Why does ast.literal_eval take so much memory as it only parses to get the data structure? Is there any way to reduce the memory usage?

By the way, the code is:

import ast
file = open(file_name, 'r')
data = ast.literal_eval(file.read())
file.close()

the exception is

  File "/usr/local/lib/python2.7/ast.py", line 49, in literal_eval
    node_or_string = parse(node_or_string, mode='eval')
  File "/usr/local/lib/python2.7/ast.py", line 37, in parse
    return compile(source, filename, mode, PyCF_ONLY_AST)
MemoryError

Thanks!

writalnaie
  • 180
  • 10
  • Regardless of what's going on, probably the right answer is going to be not to use `ast.literal_eval`. What does the file look like? – DSM Jan 04 '14 at 08:34
  • try, json or cjson if it is json format – YOU Jan 04 '14 at 08:39
  • 3
    You can read the file in chunks: Read this: [link](http://stackoverflow.com/questions/519633/lazy-method-for-reading-big-file-in-python) – sudip Jan 04 '14 at 08:44
  • 1
    @iamsudip: How would this make a difference? As far as I know `ast.literal_eval()` needs the entire data structure at once. – Tim Jan 04 '14 at 08:59
  • @DSM It's mixed of tuple, dict, string and integer, in a mess. I use the data structure in runtime. But when the process shutdown, it gets lost. So I want to dump the data structure to disk in a easy-to-load way. Since python provides the ast.literal_eval, I think it's a good choice. – writalnaie Jan 07 '14 at 14:52
  • @YOU: I directly use the data structure in python format. Seems json provides interface converting between python's tuple, list, dict, string and number. em.. I can have a try. Not sure if json can also read it. If so, I am curious why python's ast.literal_eval can not do it as they both do almost the same job. – writalnaie Jan 07 '14 at 14:58
  • @writalnaie: but that's not really what `literal_eval` is for, and it doesn't surprise me a lot that it's having problems. Look at `ast.literal_eval('('*100+'3' + ')'*100)`, for example; only 201 characters and you get a `MemoryError`. Write your structures in JSON instead-- not only should it work, it should be faster than `ast.literal_eval` would have been. – DSM Jan 07 '14 at 16:13

1 Answers1

1

I have been facing the same problem in my project. I came across two solutions which I think might help future users.

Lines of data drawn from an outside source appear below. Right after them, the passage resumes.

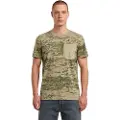 G-Star G-Startil mænd. D26048-E041-H175 T-shirt Camo Pocket grøn (XXL), Casual, Korte ærmer, Økologisk bomuld, Bæredygtig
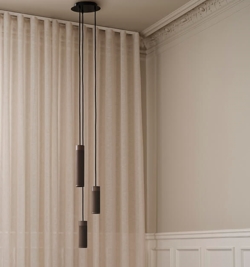 Thorup Copenhagen Patrone Cluster pendel small, brązowany mosiądz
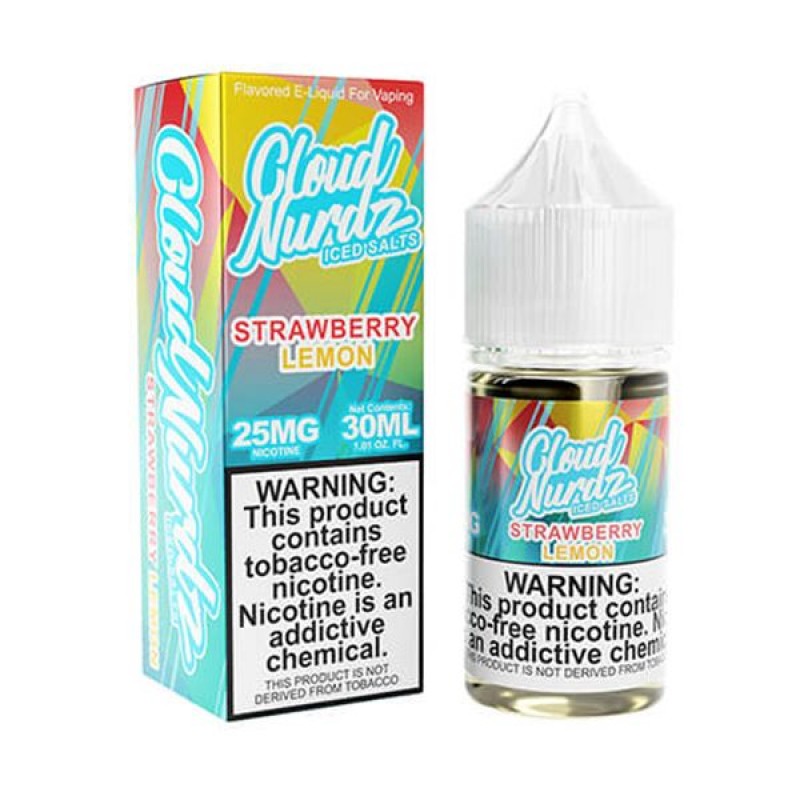 Strawberry Lemon Iced Cloud Nurdz TFN Salt Nic E-Juice 30ml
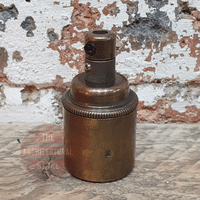 E27 Brass Lamp Holder Old English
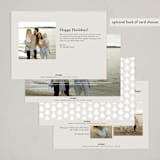 "Noelle" - Holiday Cards in Marshmallow by Pati Cascino - Back of Card Options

1) Depending on the data structure you might want to use database like Redis ( this is the one which I am using based on good reviews though there are other databases too). Redis has a good python extension: Redis-py. It is easy to use. Before you start storing your data to the database you might want to look for the querying process that you will be using.

Here is the installation guide for redis server: http://redis.io/topics/quickstart (There are lots of blogs too for usage)

Here is how you can use redis from Python: http://redis-py.readthedocs.org/en/latest/

2) if the data structure is dictionary, you can use

json.loads() 

which is easy and memory efficient. Even if the data structure is not a dictionary you can make it a dictionary with arbitrary key and once the

d = json.loads() 

is executed you can get your data structure by calling

d['arbitrary_key']

Personally, I like to use Redis since I dont have to waste time in loading the file. All I need to do is to start the server and query the database.

Alex
  • 12,078
  • 6
  • 64
  • 74
pg2455
  • 5,039
  • 14
  • 51
  • 78